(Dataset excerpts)
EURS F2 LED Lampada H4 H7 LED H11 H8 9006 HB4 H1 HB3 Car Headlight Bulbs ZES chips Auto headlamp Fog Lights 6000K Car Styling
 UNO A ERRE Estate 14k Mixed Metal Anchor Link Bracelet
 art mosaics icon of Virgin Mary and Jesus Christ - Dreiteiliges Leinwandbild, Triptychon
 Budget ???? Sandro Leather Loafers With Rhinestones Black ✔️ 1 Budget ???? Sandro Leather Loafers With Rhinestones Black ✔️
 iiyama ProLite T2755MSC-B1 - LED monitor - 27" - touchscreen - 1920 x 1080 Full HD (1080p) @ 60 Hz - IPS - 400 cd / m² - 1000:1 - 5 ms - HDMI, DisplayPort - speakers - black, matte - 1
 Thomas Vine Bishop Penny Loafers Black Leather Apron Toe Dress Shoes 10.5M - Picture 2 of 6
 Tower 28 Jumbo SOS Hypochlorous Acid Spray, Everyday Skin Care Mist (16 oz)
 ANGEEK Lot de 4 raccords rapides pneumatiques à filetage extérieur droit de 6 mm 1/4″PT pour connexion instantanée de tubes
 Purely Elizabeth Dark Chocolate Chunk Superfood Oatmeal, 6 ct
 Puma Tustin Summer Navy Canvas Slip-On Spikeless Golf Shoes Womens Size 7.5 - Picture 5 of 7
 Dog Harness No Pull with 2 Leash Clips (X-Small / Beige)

EXERCISE →
Could you print, exactly and with nothing else, the lines from the one containing "Tower 28 Jumbo" through the last line of the records above?

WORKED SOLUTION →
 Tower 28 Jumbo SOS Hypochlorous Acid Spray, Everyday Skin Care Mist (16 oz)
 ANGEEK Lot de 4 raccords rapides pneumatiques à filetage extérieur droit de 6 mm 1/4″PT pour connexion instantanée de tubes
 Purely Elizabeth Dark Chocolate Chunk Superfood Oatmeal, 6 ct
 Puma Tustin Summer Navy Canvas Slip-On Spikeless Golf Shoes Womens Size 7.5 - Picture 5 of 7
 Dog Harness No Pull with 2 Leash Clips (X-Small / Beige)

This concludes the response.